▶ Entries shown:
+ + + + +
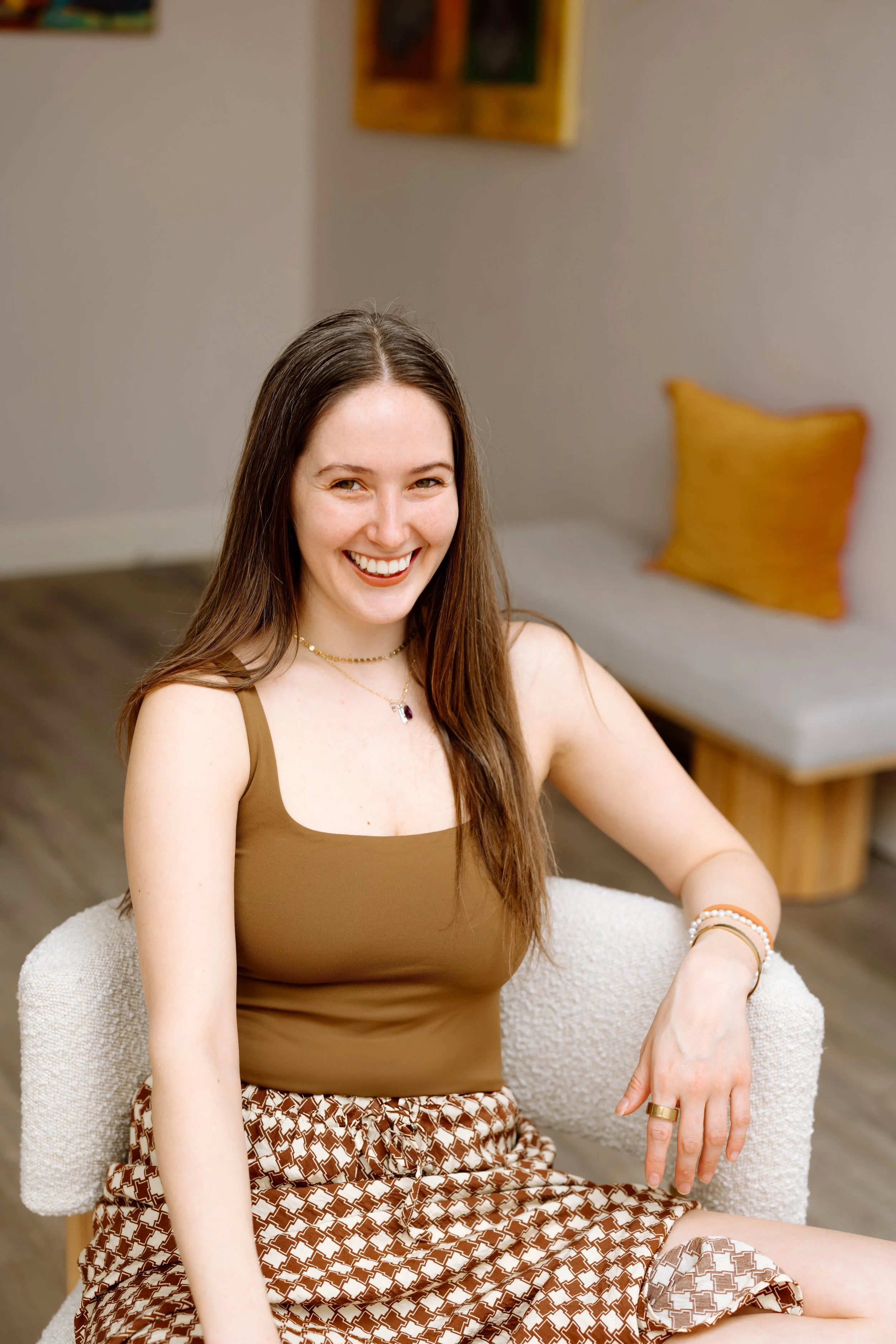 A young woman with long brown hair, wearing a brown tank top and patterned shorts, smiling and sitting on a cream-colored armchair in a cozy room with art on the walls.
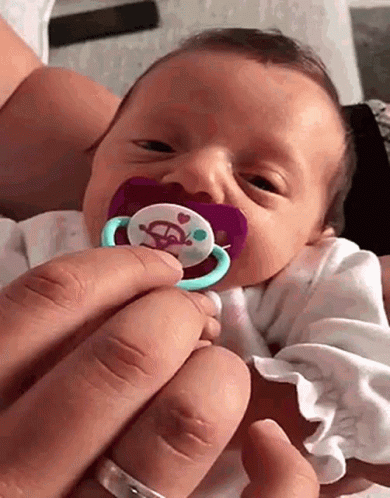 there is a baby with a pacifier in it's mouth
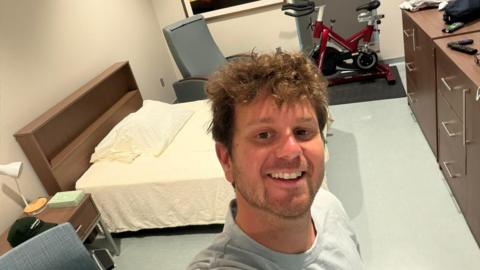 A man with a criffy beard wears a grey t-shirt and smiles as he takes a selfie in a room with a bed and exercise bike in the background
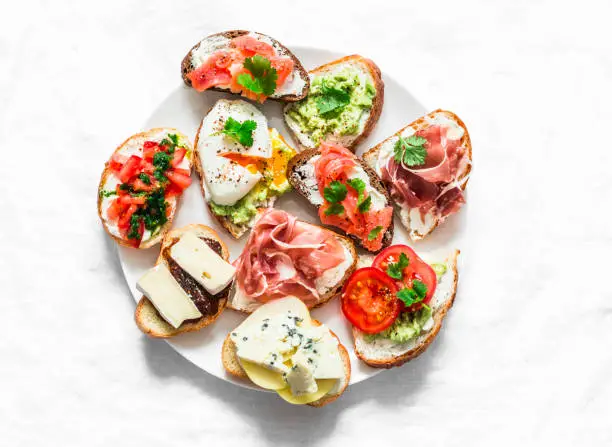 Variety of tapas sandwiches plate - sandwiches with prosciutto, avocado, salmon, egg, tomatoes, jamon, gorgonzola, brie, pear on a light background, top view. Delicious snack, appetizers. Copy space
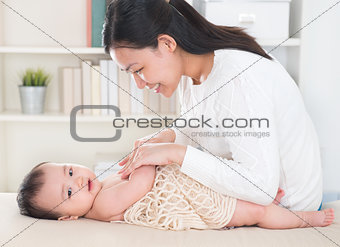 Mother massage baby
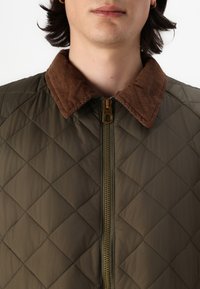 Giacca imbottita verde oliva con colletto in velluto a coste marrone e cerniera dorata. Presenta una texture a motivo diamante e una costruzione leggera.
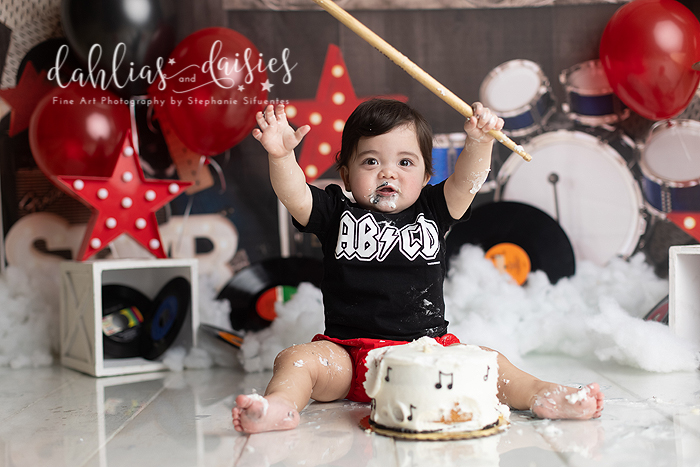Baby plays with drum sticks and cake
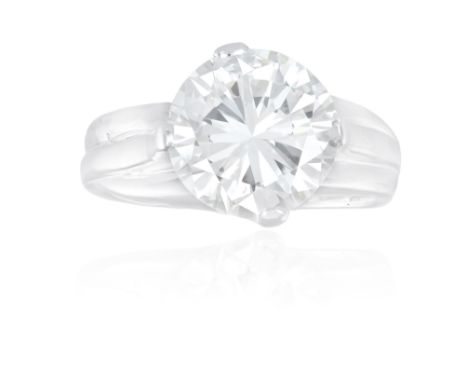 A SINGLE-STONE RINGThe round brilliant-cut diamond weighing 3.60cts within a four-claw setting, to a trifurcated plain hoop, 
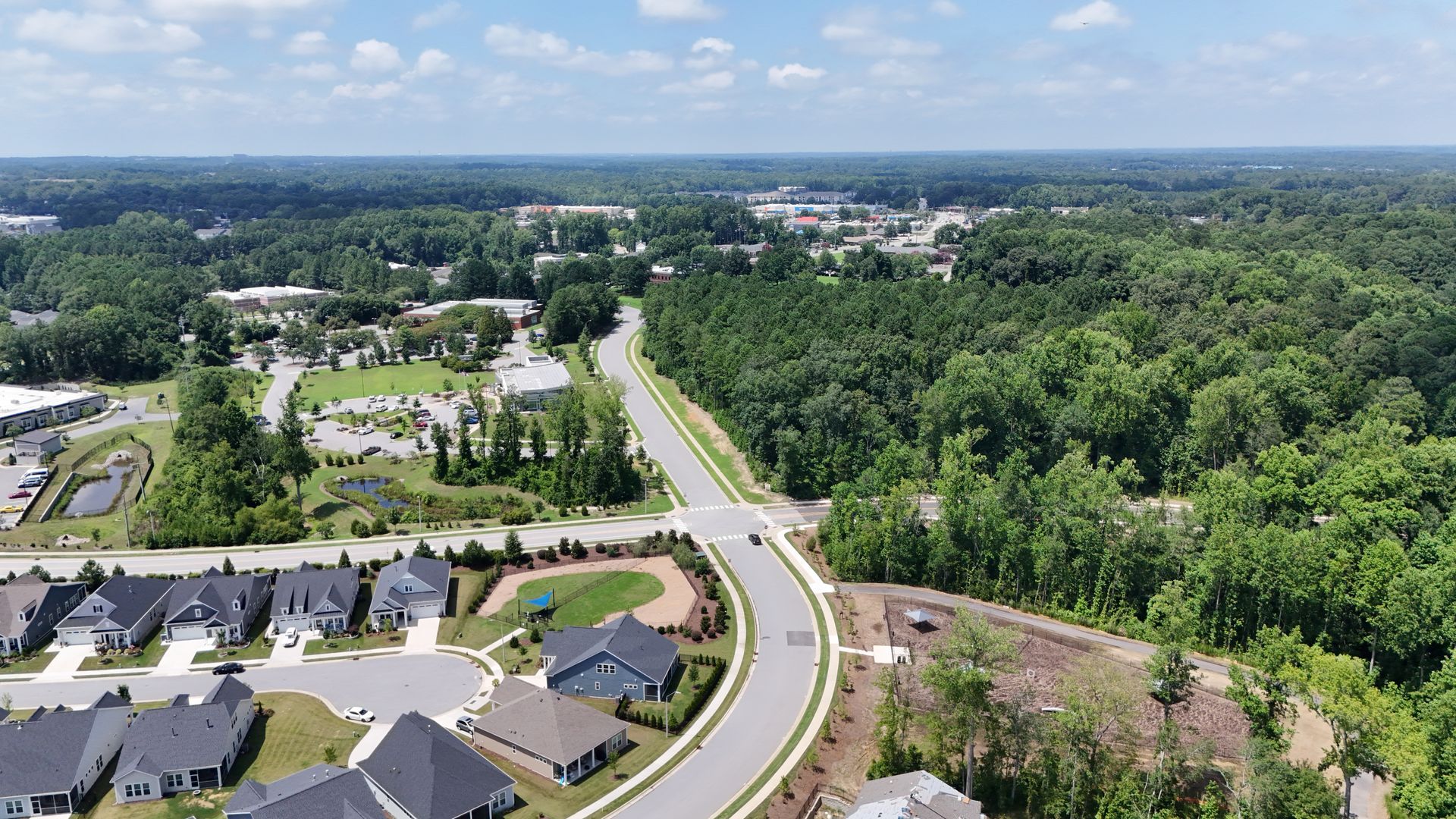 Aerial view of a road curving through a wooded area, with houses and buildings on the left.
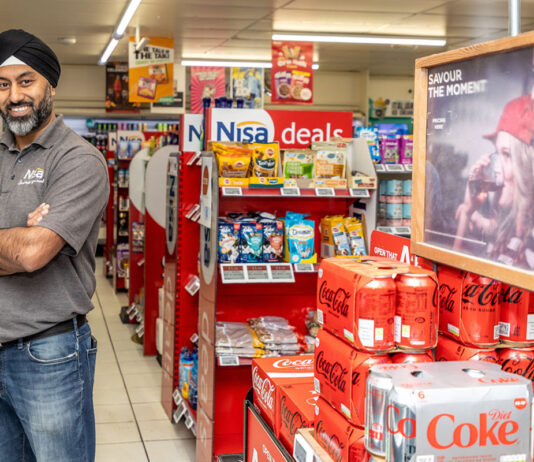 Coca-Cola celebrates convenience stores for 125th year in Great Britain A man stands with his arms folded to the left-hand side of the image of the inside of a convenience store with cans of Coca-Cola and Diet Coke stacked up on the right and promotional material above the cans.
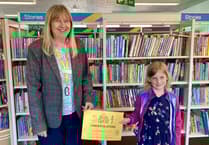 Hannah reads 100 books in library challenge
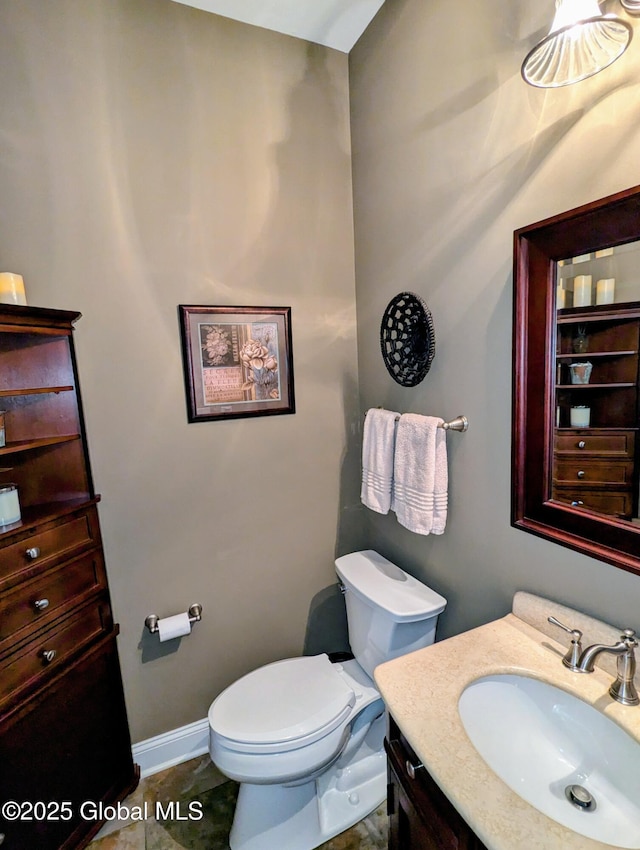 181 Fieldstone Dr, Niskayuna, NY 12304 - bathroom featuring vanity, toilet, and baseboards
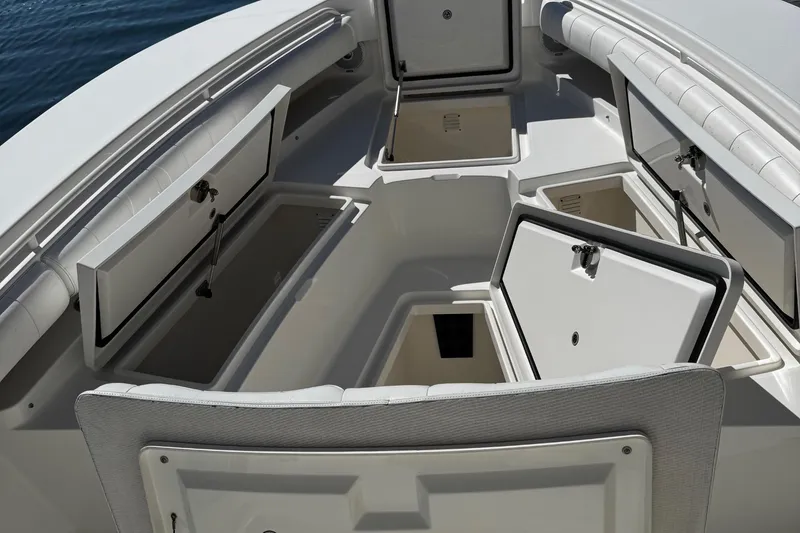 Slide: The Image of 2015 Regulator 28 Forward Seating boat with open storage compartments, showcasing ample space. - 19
+ + + + +
Your task is to repeat exactly the lines from the one containing "Giacca imbottita verde" through the end of the material, both included, and only those, without pictures.

▶ Answer:
 Giacca imbottita verde oliva con colletto in velluto a coste marrone e cerniera dorata. Presenta una texture a motivo diamante e una costruzione leggera.
Baby plays with drum sticks and cake
 A SINGLE-STONE RINGThe round brilliant-cut diamond weighing 3.60cts within a four-claw setting, to a trifurcated plain hoop, 
 Aerial view of a road curving through a wooded area, with houses and buildings on the left.
 Coca-Cola celebrates convenience stores for 125th year in Great Britain A man stands with his arms folded to the left-hand side of the image of the inside of a convenience store with cans of Coca-Cola and Diet Coke stacked up on the right and promotional material above the cans.
 Hannah reads 100 books in library challenge
 181 Fieldstone Dr, Niskayuna, NY 12304 - bathroom featuring vanity, toilet, and baseboards
 Slide: The Image of 2015 Regulator 28 Forward Seating boat with open storage compartments, showcasing ample space. - 19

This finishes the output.